What They Do and Why They Do It

By Marcos Soriano

Two basic concepts of journalism are that a well-informed public is crucial to a healthy democracy, and that journalists have the responsibility of providing the public with the information they need to make informed decisions. Journalism’s dissemination of information has had major impacts at the national level—such as the Watergate incident, in which information released by the press eventually led to President Nixon’s resignation—but it’s also important on a smaller scale, at the neighborhood community level. I recently met with two editors of local San Francisco neighborhood papers, Paul Kozakiewicz of the Richmond Review and the Sunset Beacon, and Len Appiano of the Visitacion Valley Grapevine, to ask them about their views on neighborhood newspapers.
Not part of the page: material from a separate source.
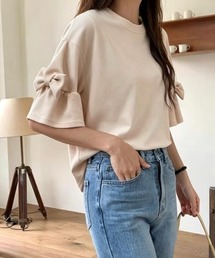 リボン フリルスリーブ T シャツ 丸首 ゆったり 半袖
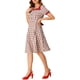 thumbnail image 4 of INSPIRE CHIC Vestido Midi de Cuello Cuadrado de Verano para Mujeres con Contraste y Manga Corta A-Line a Cuadros Rojo M, 4 of 6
Paul Kozakiewicz met with me first. He started the Richmond Review on his own nearly 20 years ago, and then joined with a partner to create the Sunset Beacon a few years later. In 1997 Paul bought out that partner, and he’s been running both papers ever since. Combined, they have a circulation of more than 50,000, with the bulk of that circulation coming from door to door distribution. Paul is also a founding member of the San Francisco Neighborhood Newspaper Association (SFNNA), a cooperative group that brings together 16 different local papers.

A few weeks after sitting down with Paul, I got in touch with Len Appiano. Len has been involved with the Visitacion Valley Grapevine since he pasted together its first issue on his kitchen table in July of 1985, and he’s been the sole editor since December of 1990. The Grapevine prints up a few thousand issues each month, and the majority of those issues are dropped off at local businesses for free pick-up. Of the 17 neighborhood newspapers in San Francisco, the Grapevine is the only paper that isn’t affiliated with the SFNNA—a result of the paper’s relationship with its financial sponsor, the Visitacion Valley Community Center, which doesn’t want to be part of the association.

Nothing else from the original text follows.